Hay quien ha sospechado ya de si no se habrán coaligado todas las fuerzas telúricas de la tierra para volver al caos primigenio, dada esa extraña sucesión de desastres de toda índole que vienen sucediendo como por ensalmo, de modo que estamos al borde de no poder poner el pie en un sitio, sin que no ocurra al punto algo sorprendente y grave. Repetidos terremotos horrendos, letales corrimientos de tierra que sepultan poblaciones enteras, tifones aterradores que nacen del mar como la mítica hidra, guerras interminables contra enemigos huidizos que golpean con saña y esconden la mano, cobardes homicidas de mujeres que todos estimaban presuntos hombres bondadosos, acciones terroristas incomprensibles y países bravucones que cobijan a estos embajadores del crimen, escondidos volcanes que se dan a conocer un mal día exhalando bocanadas de ceniza desde una isla inocente y quieta, toros exacerbados que casi enhebran el cráneo de un torero en un pitón....

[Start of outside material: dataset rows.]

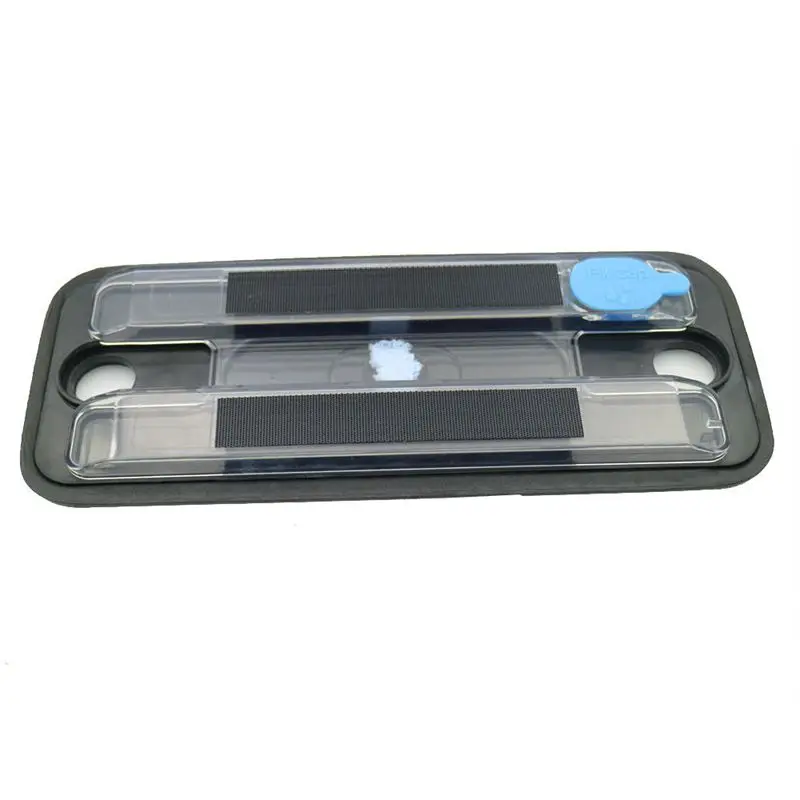XMX запчасти для iRobot Pro Clean резервуар Braava 380 380T MINT5200 Mint 4200A Mint4205 Mint5200C пол уборочный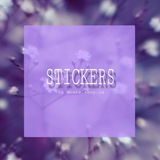 cute_shop_stickers | Unsorted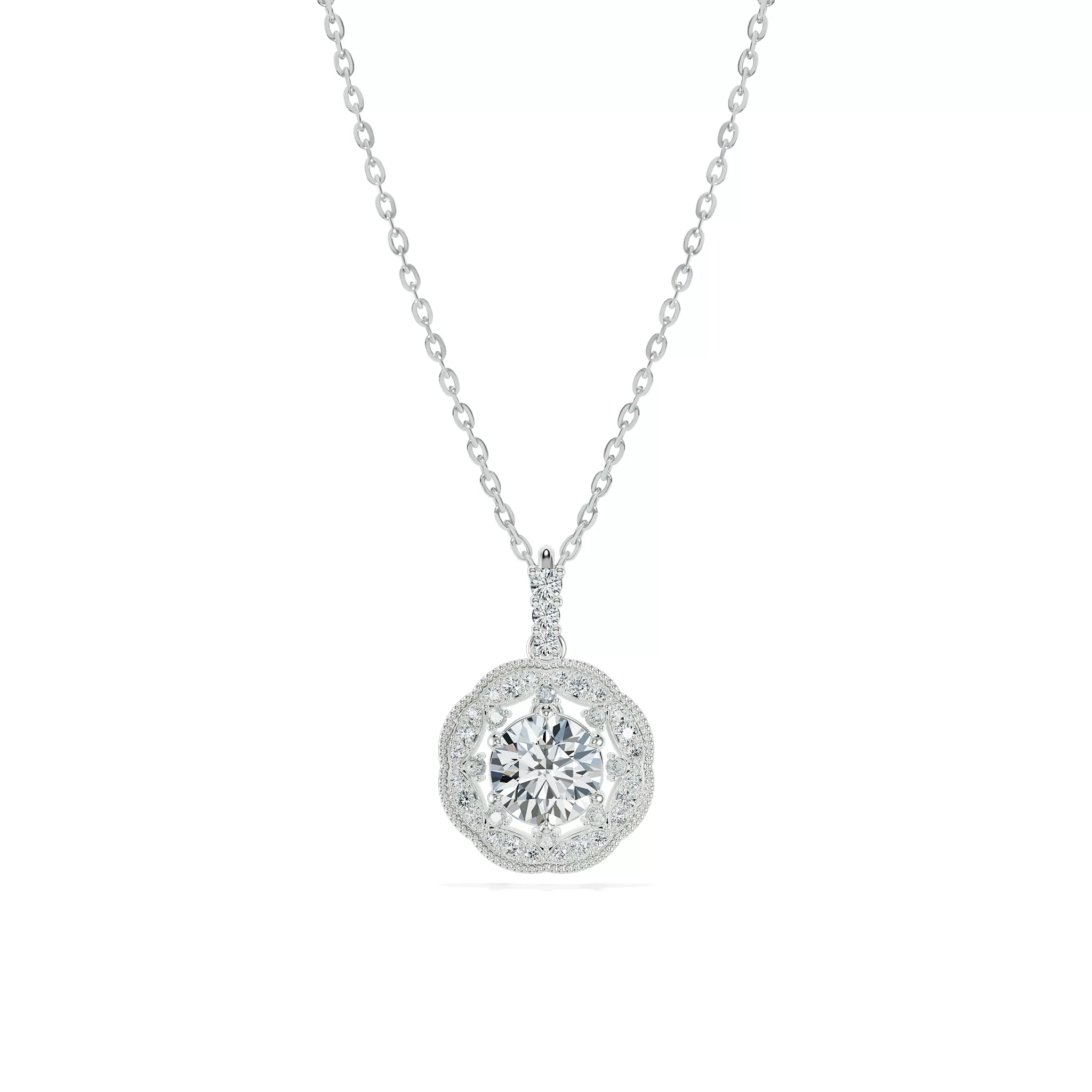 Image Related Product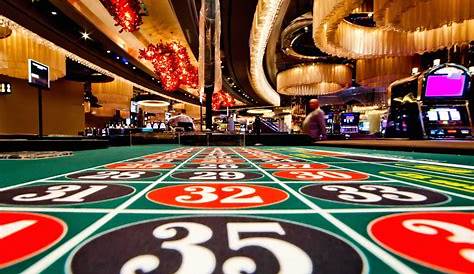 Tipos de juegos de mesa de casino | Juegos de casino en Rushbet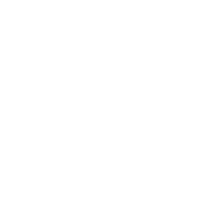 To Create Beauty In The World We Share The Best Of Ourselves Sticker by Cosmetica Labs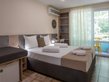 Ariana Hotel - Double room luxury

No parece sino que la tierra se rompa a cachos y se nos cae deshecha a jirones, hollada sin compasión por las mil perrerías del hombre que conculca las leyes fijas que promulgó Dios, que es como borrarle el pentagrama a una sinfonía de Beethoven dejando las notas flotando en el limbo. Pero debe ocurrir algo más que todo eso. Algo le ha sentado mal a la tierra y sufre retorcidos retortijones como si dos manos gigantescas la estrujaran.

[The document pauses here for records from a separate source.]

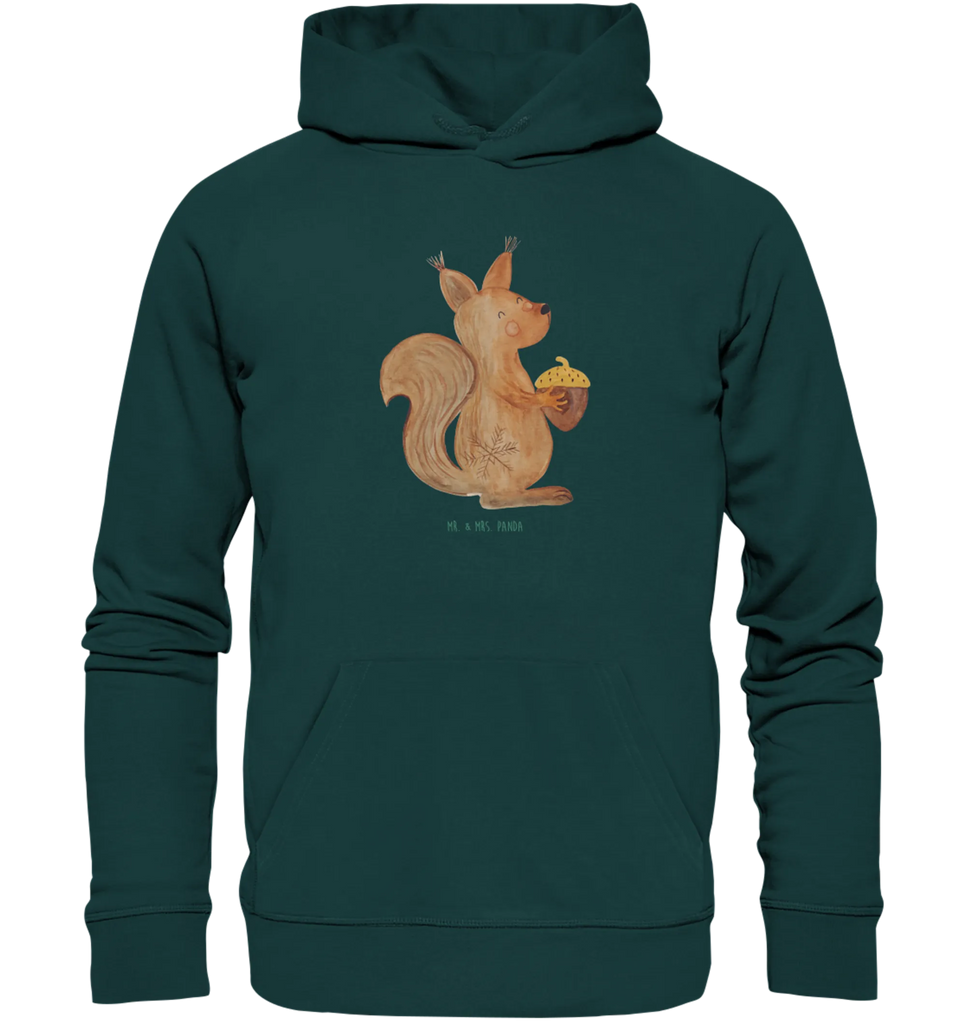 Organic Hoodie Eichhörnchen Weihnachten Hoodie, Öko-Hoodie, Kapuzenpullover, Unisex, Männer Hoodie, Frauen Hoodie, Männer Kapuzenpullover, Frauen Kapuzenpullover, Oberteil, Winter, Weihnachten, Weihnachtsdeko, Nikolaus, Advent, Heiligabend, Wintermotiv, Frohe Weihnachten, Frohes neues Jahr, Guten Rutsch, Weihnachtsmotiv, Weihnachtsgruß, Neujahr, Vogel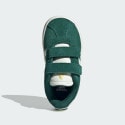 adidas sportswear Vl Court 3.0 Shoes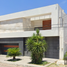 在Navojoa, Sonora出售的4 卧室 屋, Navojoa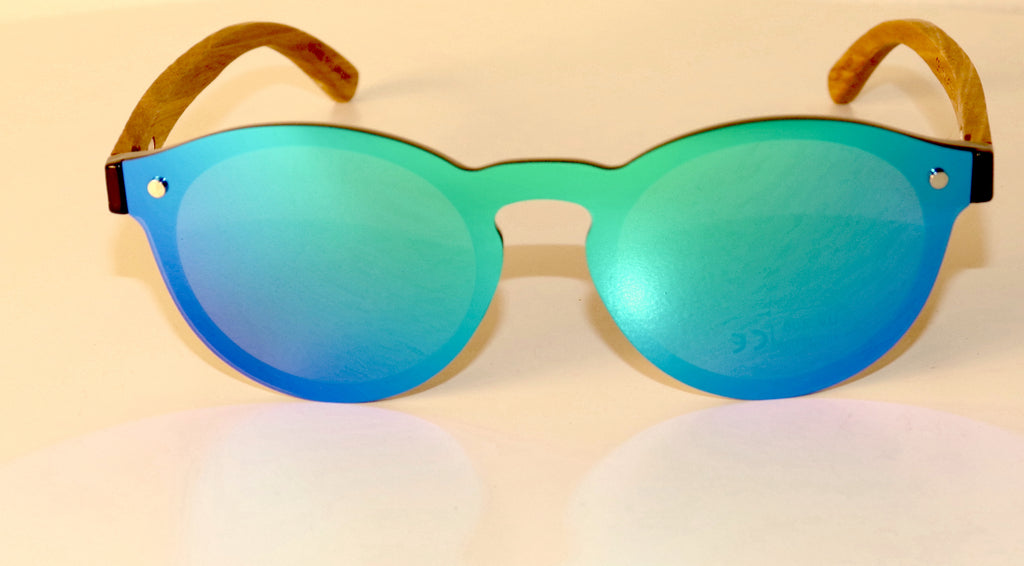 نظارات شمسية "سولارا"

Tal vez la tierra empieza a envejecer y se tambalea, y si no, quizás nos avisa de que hay algo que no estamos haciendo bien. Es lo más probable, aunque también inútil. El hombre no escarmienta con tanta facilidad. Pero que no cunda el pánico: algún día impensado nos sentaremos a recapacitar a fin de consensuar -hoy todo se consensúa- sabias determinaciones. ¡Que Dios nos oiga!